▶ _Short text fragments from websites_:

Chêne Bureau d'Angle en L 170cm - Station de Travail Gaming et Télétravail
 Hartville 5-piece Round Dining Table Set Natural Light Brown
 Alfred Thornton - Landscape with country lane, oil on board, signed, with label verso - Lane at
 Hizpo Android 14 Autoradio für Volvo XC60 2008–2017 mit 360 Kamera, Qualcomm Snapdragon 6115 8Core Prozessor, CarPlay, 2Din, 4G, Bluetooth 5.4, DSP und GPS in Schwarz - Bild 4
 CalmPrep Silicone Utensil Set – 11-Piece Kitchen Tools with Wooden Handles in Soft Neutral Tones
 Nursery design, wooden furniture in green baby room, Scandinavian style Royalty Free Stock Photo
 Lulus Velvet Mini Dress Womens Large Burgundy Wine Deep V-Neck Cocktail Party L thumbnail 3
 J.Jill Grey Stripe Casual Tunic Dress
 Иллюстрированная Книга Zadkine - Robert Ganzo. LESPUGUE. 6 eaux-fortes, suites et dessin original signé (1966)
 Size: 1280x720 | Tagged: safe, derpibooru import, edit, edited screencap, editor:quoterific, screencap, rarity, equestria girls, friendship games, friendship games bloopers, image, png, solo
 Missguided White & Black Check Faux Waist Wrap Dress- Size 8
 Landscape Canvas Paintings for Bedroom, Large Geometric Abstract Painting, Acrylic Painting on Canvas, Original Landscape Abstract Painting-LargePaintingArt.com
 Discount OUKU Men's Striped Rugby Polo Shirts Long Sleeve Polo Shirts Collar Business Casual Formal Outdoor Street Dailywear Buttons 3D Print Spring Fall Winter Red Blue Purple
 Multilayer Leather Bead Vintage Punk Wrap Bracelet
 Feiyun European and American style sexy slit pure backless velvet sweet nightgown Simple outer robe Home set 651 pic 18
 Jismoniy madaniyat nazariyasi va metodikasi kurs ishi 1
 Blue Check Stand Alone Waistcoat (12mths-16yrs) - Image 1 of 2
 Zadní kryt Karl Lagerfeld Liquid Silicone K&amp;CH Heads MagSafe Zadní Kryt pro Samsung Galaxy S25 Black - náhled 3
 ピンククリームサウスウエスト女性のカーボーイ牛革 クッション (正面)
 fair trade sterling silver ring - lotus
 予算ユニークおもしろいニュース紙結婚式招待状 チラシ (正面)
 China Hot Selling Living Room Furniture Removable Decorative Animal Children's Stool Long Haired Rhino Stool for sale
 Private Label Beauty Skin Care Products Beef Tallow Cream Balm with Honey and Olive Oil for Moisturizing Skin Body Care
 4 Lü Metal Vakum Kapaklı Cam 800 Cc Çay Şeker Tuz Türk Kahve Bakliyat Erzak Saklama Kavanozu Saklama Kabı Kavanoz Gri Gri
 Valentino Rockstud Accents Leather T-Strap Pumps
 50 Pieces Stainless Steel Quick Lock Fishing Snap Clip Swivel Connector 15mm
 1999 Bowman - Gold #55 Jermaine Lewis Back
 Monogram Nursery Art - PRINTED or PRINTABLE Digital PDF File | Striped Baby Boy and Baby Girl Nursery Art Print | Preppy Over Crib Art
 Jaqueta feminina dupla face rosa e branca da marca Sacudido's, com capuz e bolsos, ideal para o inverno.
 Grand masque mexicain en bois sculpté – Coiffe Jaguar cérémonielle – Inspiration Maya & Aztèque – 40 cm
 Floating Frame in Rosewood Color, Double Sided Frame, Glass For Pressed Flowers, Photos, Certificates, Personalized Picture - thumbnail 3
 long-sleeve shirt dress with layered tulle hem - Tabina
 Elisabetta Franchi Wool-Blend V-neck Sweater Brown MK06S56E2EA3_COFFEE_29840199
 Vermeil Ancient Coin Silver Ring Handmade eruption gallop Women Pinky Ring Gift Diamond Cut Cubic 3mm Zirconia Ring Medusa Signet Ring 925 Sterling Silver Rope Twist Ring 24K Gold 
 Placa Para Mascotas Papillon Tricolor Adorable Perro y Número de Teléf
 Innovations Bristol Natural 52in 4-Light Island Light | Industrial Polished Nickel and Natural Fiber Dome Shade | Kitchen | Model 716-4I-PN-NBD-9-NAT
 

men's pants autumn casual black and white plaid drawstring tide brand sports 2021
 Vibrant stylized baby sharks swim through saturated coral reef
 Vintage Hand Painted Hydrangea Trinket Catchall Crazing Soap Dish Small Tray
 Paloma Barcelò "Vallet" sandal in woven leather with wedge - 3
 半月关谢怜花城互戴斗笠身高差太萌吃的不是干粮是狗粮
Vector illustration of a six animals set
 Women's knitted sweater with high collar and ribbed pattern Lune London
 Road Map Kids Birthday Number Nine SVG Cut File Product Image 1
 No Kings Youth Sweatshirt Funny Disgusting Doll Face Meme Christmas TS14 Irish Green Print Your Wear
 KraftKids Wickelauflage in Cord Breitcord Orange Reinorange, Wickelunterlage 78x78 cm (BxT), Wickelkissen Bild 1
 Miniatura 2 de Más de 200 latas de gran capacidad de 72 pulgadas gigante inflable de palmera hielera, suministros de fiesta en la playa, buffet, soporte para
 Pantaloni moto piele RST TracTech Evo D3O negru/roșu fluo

▶ _THE TASK_:
Set down, from the entries above, exactly the lines from the one with "Size: 1280x720 |" up to and including the one with "ピンククリームサウスウエスト女性のカーボーイ牛革 クッション (正面)", and no other lines.

▶ _TASK RESULT_:
 Size: 1280x720 | Tagged: safe, derpibooru import, edit, edited screencap, editor:quoterific, screencap, rarity, equestria girls, friendship games, friendship games bloopers, image, png, solo
 Missguided White & Black Check Faux Waist Wrap Dress- Size 8
 Landscape Canvas Paintings for Bedroom, Large Geometric Abstract Painting, Acrylic Painting on Canvas, Original Landscape Abstract Painting-LargePaintingArt.com
 Discount OUKU Men's Striped Rugby Polo Shirts Long Sleeve Polo Shirts Collar Business Casual Formal Outdoor Street Dailywear Buttons 3D Print Spring Fall Winter Red Blue Purple
 Multilayer Leather Bead Vintage Punk Wrap Bracelet
 Feiyun European and American style sexy slit pure backless velvet sweet nightgown Simple outer robe Home set 651 pic 18
 Jismoniy madaniyat nazariyasi va metodikasi kurs ishi 1
 Blue Check Stand Alone Waistcoat (12mths-16yrs) - Image 1 of 2
 Zadní kryt Karl Lagerfeld Liquid Silicone K&amp;CH Heads MagSafe Zadní Kryt pro Samsung Galaxy S25 Black - náhled 3
 ピンククリームサウスウエスト女性のカーボーイ牛革 クッション (正面)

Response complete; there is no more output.